## ACTIVITY
Retype the listing exactly. Leave out the images.

## PROVIDED MATERIAL
━━━━
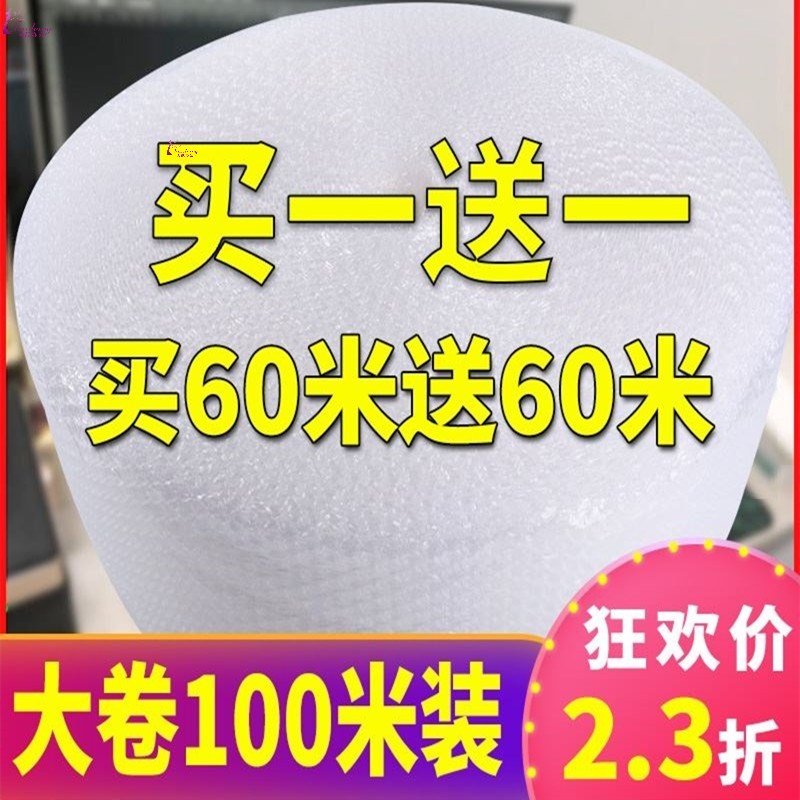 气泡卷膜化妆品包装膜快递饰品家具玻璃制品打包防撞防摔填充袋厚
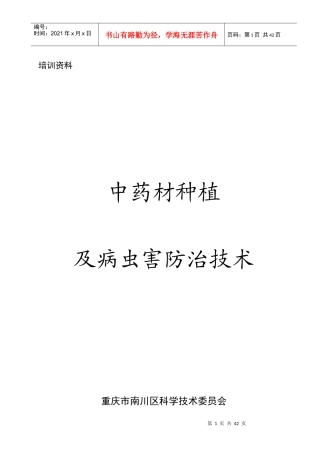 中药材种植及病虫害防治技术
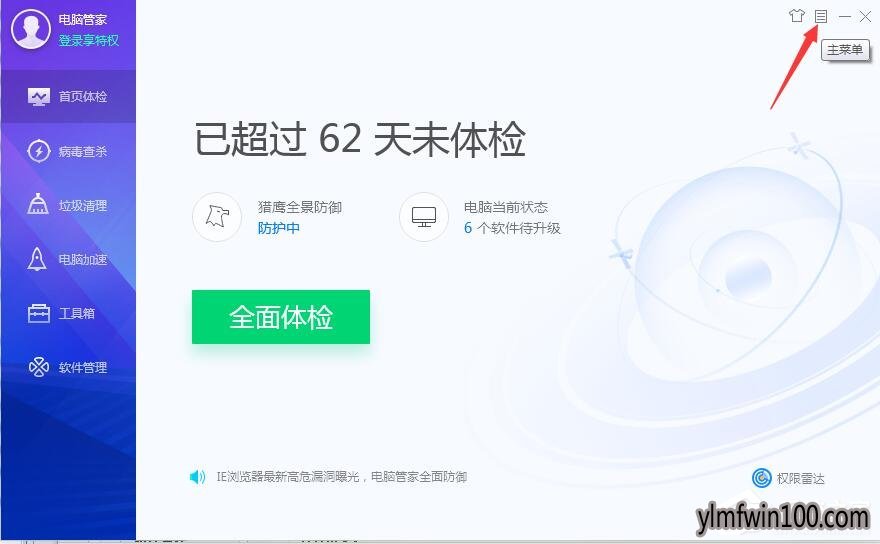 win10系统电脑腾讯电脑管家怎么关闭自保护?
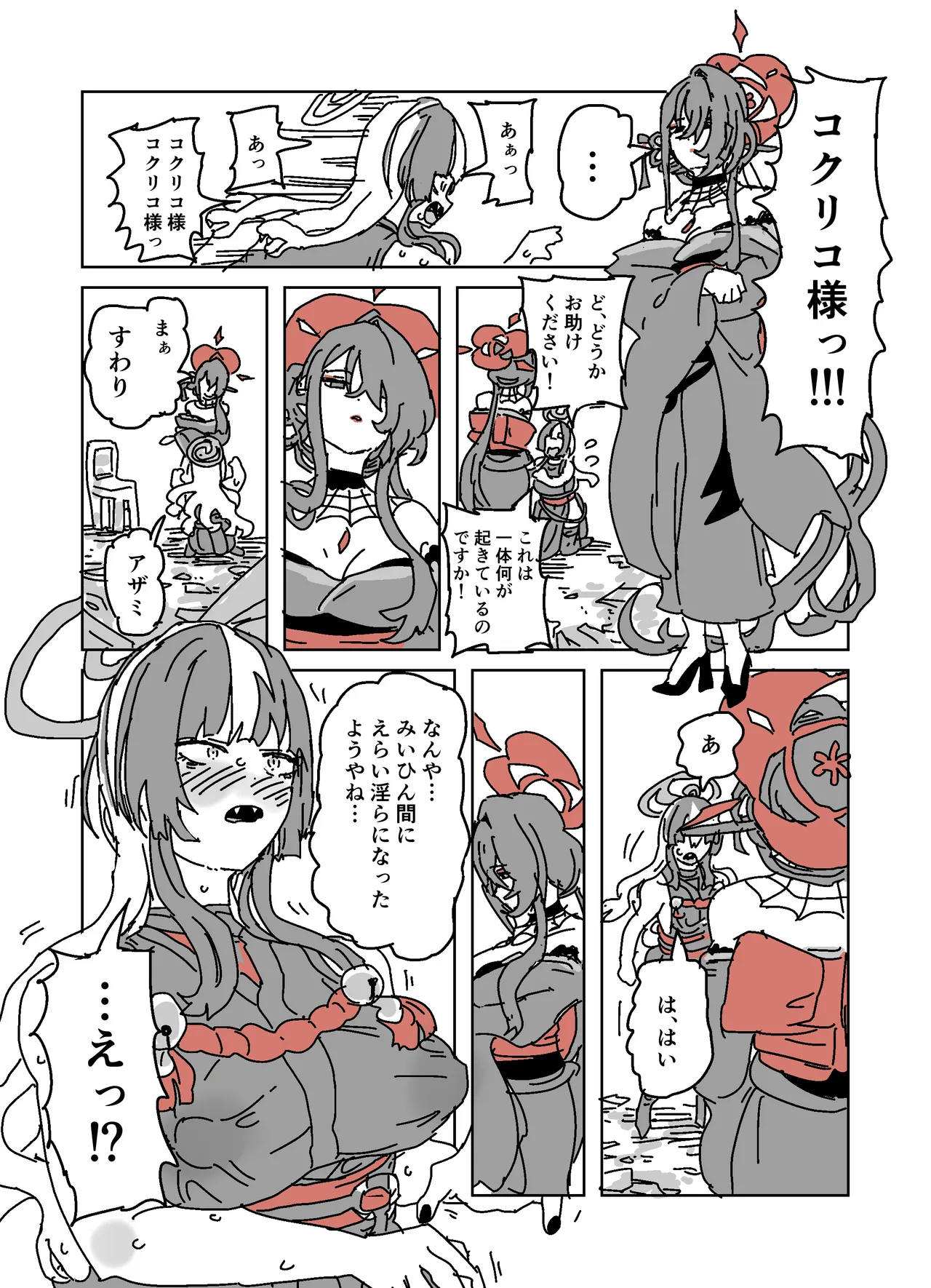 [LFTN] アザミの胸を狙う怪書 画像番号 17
━━━━
## WRITTEN RESPONSE
 气泡卷膜化妆品包装膜快递饰品家具玻璃制品打包防撞防摔填充袋厚
 中药材种植及病虫害防治技术
 win10系统电脑腾讯电脑管家怎么关闭自保护?
 [LFTN] アザミの胸を狙う怪書 画像番号 17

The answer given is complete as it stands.